**WHAT YOU ARE ASKED TO DO**
Down to the last line, transcribe the records verbatim and exclude the images.

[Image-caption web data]
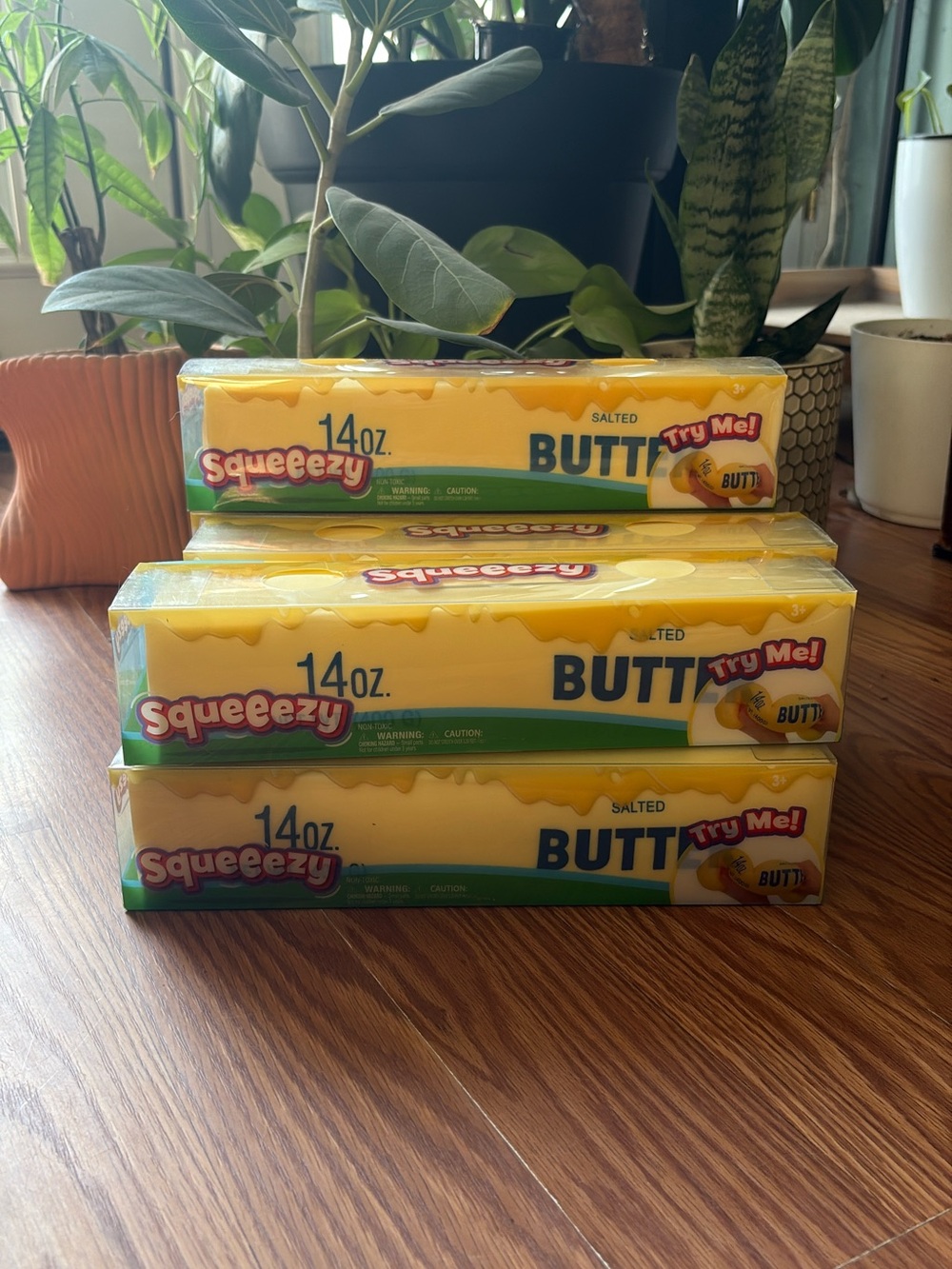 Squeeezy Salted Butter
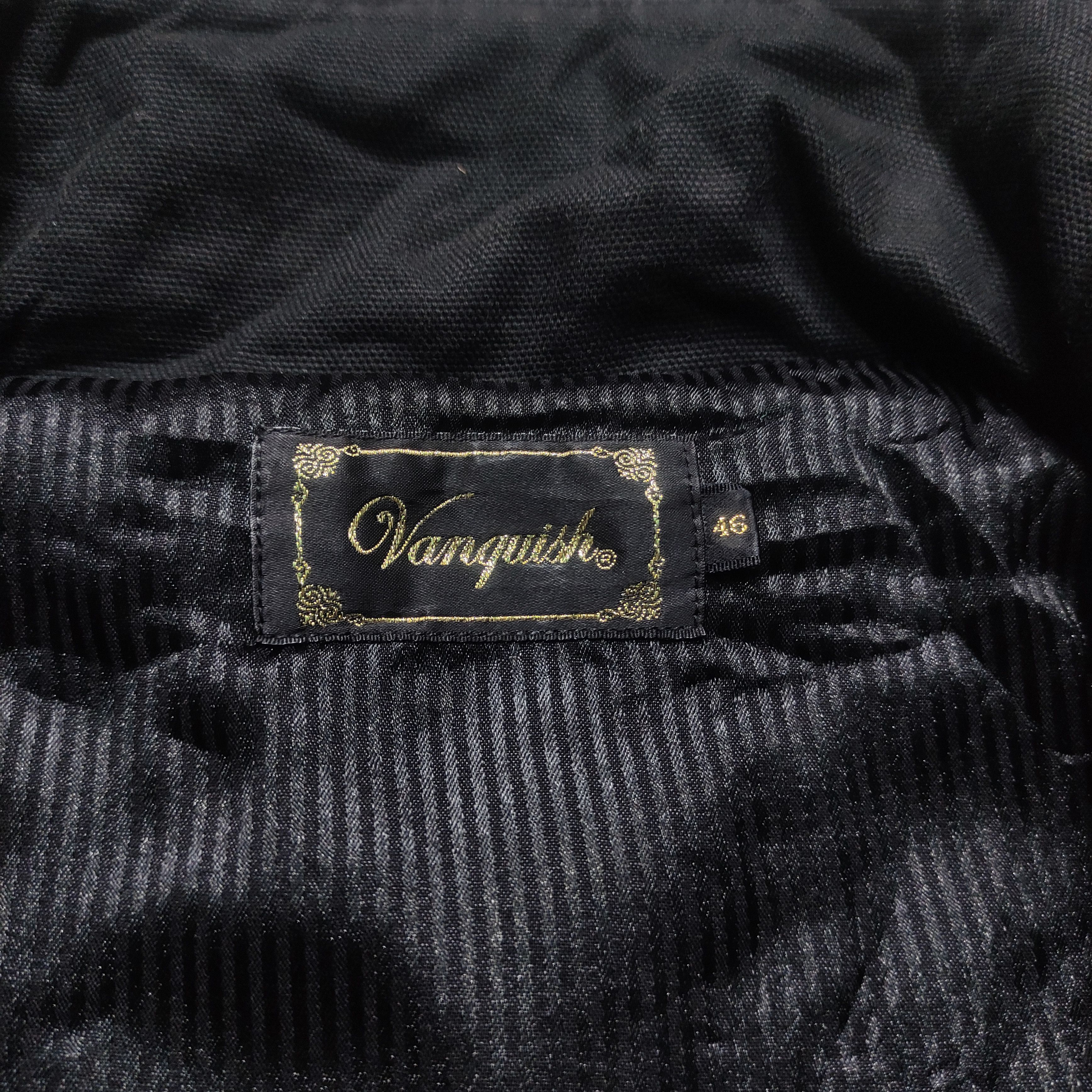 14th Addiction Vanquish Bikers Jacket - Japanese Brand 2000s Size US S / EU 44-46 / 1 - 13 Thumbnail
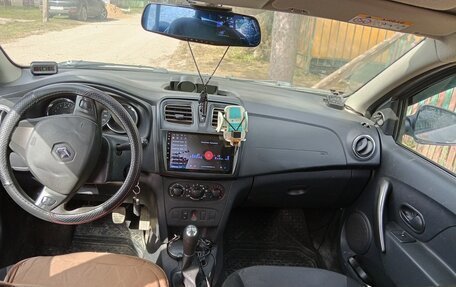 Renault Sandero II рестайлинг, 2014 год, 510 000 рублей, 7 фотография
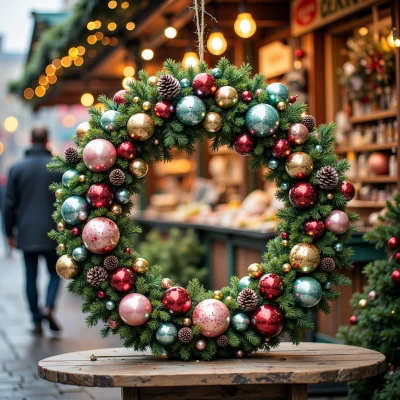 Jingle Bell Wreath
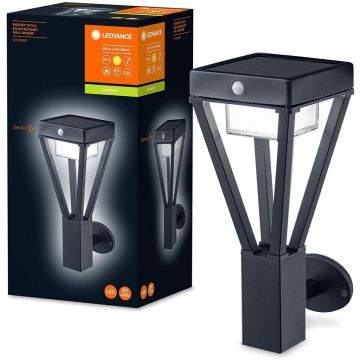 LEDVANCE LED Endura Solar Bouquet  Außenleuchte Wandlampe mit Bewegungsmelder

**ANSWER FOR THIS EXERCISE**
 Squeeezy Salted Butter
 14th Addiction Vanquish Bikers Jacket - Japanese Brand 2000s Size US S / EU 44-46 / 1 - 13 Thumbnail
 Renault Sandero II рестайлинг, 2014 год, 510 000 рублей, 7 фотография
 Jingle Bell Wreath
 LEDVANCE LED Endura Solar Bouquet  Außenleuchte Wandlampe mit Bewegungsmelder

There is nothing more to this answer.